I encountered the work of Susanne Thiemann for the first time in a group exhibition of Munich artists at the "Haus der Kunst". Her work fascinated me because Thiemann works on the thin line between the applied arts -handicraft- and sculpture. At the same time she does not shy away from heavy loaded themes such as femininity or domestication, but she does so in a highly personal way. It struck me that I find echos in her work of leading feminist artists such as Eva Hesse, Lygia Clark or even Yayoi Kusama. A deep interest in the viewer's reaction and participation is what Thiemann is after as well.
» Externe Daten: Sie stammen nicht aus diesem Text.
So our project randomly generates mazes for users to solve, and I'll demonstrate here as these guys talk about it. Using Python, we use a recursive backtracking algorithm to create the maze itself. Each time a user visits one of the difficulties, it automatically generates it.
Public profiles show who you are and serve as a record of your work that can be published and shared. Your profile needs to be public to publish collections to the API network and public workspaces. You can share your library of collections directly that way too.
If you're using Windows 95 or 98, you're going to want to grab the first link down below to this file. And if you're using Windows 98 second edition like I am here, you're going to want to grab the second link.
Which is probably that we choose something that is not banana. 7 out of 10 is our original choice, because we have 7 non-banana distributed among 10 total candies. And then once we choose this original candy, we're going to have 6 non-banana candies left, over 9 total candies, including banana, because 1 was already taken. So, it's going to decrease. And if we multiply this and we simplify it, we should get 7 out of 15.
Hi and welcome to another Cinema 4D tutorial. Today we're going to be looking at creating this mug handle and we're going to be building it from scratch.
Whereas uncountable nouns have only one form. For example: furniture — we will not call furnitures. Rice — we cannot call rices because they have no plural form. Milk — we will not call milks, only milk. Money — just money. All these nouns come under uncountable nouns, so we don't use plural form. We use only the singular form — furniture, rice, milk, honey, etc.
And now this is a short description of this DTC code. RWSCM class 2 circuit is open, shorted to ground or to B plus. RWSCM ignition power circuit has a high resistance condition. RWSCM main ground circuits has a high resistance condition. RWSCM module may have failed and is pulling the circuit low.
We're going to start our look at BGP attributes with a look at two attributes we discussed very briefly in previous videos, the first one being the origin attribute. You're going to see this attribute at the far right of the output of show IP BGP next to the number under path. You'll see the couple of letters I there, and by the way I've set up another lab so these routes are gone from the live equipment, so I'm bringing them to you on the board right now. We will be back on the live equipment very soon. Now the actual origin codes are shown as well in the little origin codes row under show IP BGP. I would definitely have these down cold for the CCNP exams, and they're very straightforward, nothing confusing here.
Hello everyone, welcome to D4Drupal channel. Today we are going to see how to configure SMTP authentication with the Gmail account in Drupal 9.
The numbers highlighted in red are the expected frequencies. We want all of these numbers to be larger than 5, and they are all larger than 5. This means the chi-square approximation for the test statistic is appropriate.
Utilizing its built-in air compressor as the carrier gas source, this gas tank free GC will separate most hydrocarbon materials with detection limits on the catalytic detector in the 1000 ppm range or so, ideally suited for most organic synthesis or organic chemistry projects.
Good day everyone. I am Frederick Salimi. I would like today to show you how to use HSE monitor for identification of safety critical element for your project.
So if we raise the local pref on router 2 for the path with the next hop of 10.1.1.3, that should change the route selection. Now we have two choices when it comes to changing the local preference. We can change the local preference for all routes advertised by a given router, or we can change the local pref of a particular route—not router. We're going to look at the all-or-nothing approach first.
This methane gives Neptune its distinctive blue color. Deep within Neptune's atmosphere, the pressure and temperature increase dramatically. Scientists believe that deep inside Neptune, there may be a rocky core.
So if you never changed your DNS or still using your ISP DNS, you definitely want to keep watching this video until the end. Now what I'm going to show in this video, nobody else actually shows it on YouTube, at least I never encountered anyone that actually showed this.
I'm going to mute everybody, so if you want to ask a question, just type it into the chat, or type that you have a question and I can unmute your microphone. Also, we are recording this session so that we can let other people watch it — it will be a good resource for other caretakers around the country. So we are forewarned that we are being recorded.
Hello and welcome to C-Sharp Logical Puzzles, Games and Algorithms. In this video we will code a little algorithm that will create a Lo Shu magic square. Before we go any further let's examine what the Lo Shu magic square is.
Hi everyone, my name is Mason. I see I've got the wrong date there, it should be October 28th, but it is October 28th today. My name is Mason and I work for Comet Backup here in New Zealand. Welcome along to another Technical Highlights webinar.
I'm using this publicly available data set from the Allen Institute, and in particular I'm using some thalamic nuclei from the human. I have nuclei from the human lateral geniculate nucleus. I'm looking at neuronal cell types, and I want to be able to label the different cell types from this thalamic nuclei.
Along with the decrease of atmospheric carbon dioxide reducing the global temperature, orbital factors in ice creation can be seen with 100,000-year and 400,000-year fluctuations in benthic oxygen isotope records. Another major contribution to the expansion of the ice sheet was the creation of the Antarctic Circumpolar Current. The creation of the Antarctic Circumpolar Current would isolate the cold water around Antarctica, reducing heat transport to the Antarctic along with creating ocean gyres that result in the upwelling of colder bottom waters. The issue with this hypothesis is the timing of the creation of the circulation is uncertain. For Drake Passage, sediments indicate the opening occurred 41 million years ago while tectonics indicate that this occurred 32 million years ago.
Thiemann strive for a renewal of what it means "to have" a craft and at the same time "to deviate" from it.

Chris Dercon




Eröffnung Freitag, 9. September 2022, 18 - 21 Uhr. Die Künstlerin ist anwesend.

Colours in Motion! Der Titel ist Programm. Die Ausstellung ist farbintenisv, vibrierend, erfrischend, haptisch, betörend, funkig und ein wenig ausladend. So soll es sein – das braucht der Herbst.

Mit Susanne Thiemann stellen wir eine besondere Künstlerin vor. Nach ihrer abgeschlossenen Meisterprüfung als Korbflechterin eröffnete sie vor 35 Jahren ihre eigene Werkstatt, die schon nach wenigen Jahren zum Atelier für ihre ersten Skulpturen und Objekte wurde. Und damals wie heute haben allesamt eins gemeinsam: Sie sind geflochten.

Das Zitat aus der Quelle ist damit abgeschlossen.